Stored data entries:
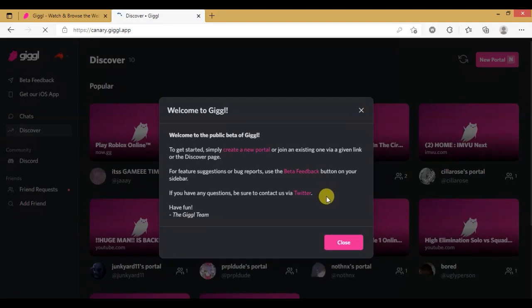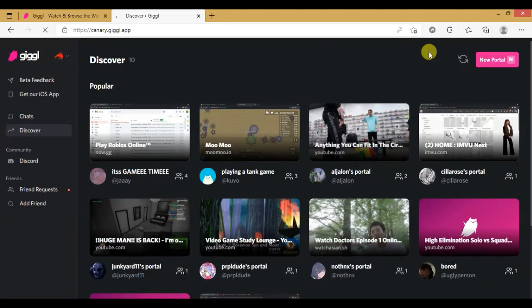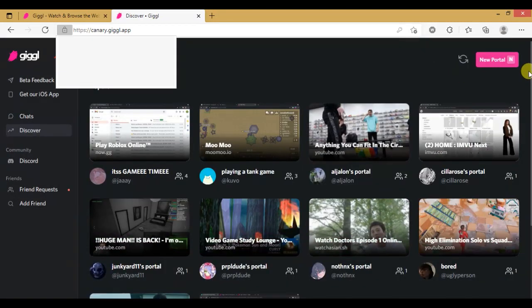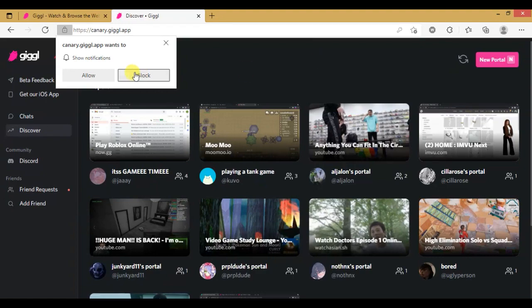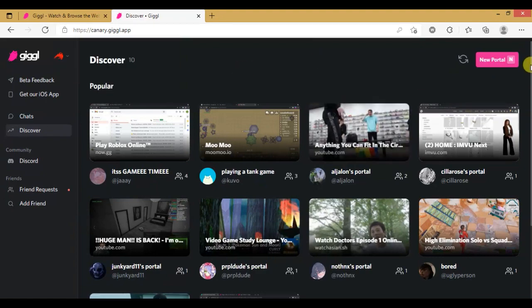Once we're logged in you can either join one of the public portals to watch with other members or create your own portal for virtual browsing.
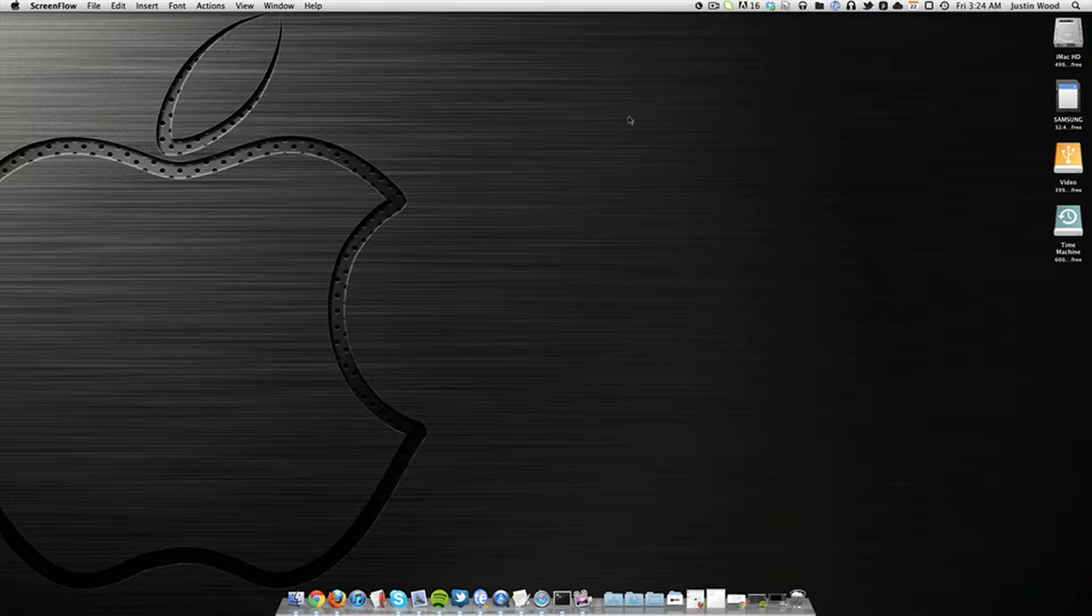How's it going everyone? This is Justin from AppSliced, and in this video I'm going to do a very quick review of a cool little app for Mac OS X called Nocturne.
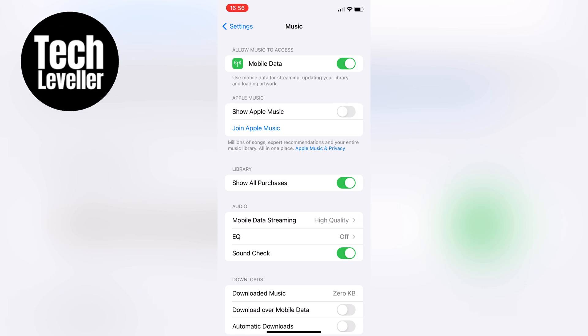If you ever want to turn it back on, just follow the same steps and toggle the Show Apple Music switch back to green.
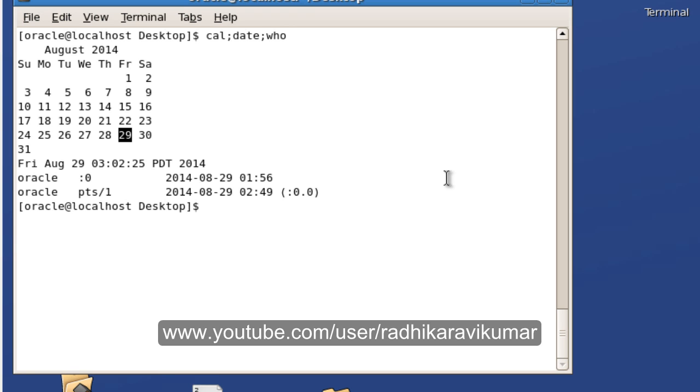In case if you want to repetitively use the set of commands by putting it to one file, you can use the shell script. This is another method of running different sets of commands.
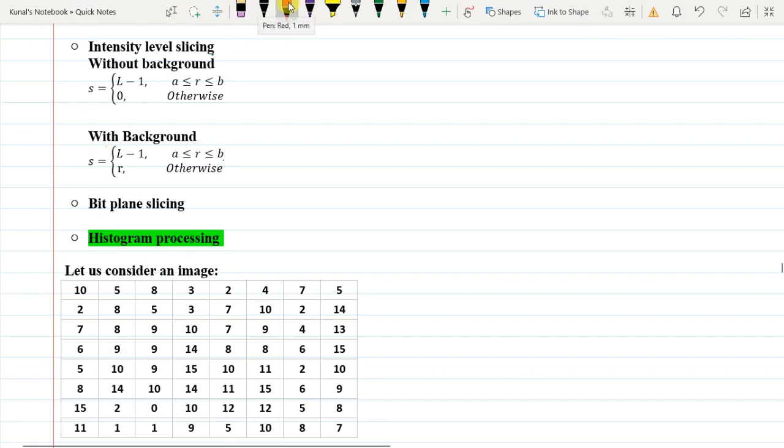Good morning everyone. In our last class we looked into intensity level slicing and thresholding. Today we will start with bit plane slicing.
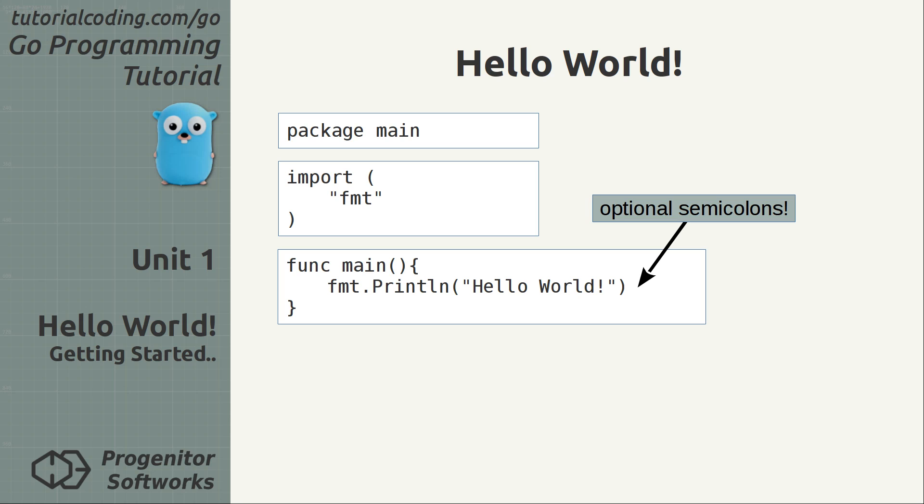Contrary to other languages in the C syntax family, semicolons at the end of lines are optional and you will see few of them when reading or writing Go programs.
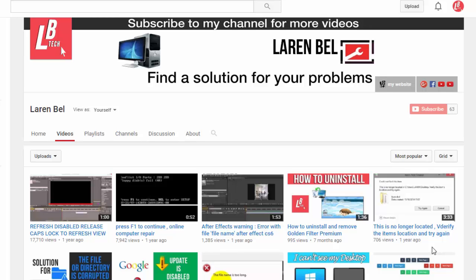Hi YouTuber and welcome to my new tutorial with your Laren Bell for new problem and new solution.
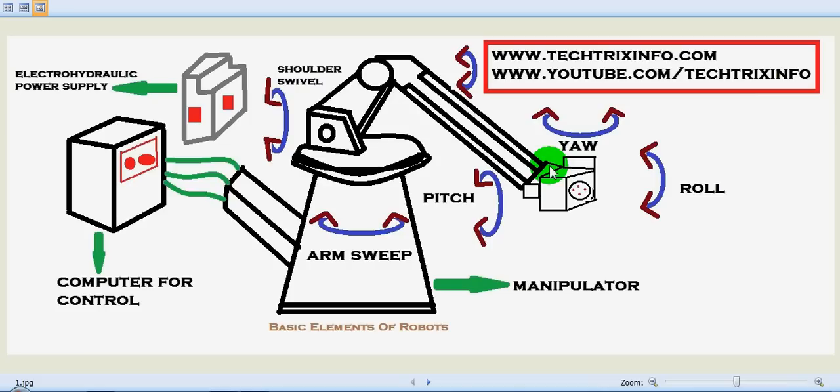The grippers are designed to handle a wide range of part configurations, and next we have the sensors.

**Required work**
Repeat the data exactly as given. Keep every picture out of the copy.

**The answer**
Once we're logged in you can either join one of the public portals to watch with other members or create your own portal for virtual browsing.
How's it going everyone? This is Justin from AppSliced, and in this video I'm going to do a very quick review of a cool little app for Mac OS X called Nocturne.
If you ever want to turn it back on, just follow the same steps and toggle the Show Apple Music switch back to green.
In case if you want to repetitively use the set of commands by putting it to one file, you can use the shell script. This is another method of running different sets of commands.
Good morning everyone. In our last class we looked into intensity level slicing and thresholding. Today we will start with bit plane slicing.
Contrary to other languages in the C syntax family, semicolons at the end of lines are optional and you will see few of them when reading or writing Go programs.
Hi YouTuber and welcome to my new tutorial with your Laren Bell for new problem and new solution.
The grippers are designed to handle a wide range of part configurations, and next we have the sensors.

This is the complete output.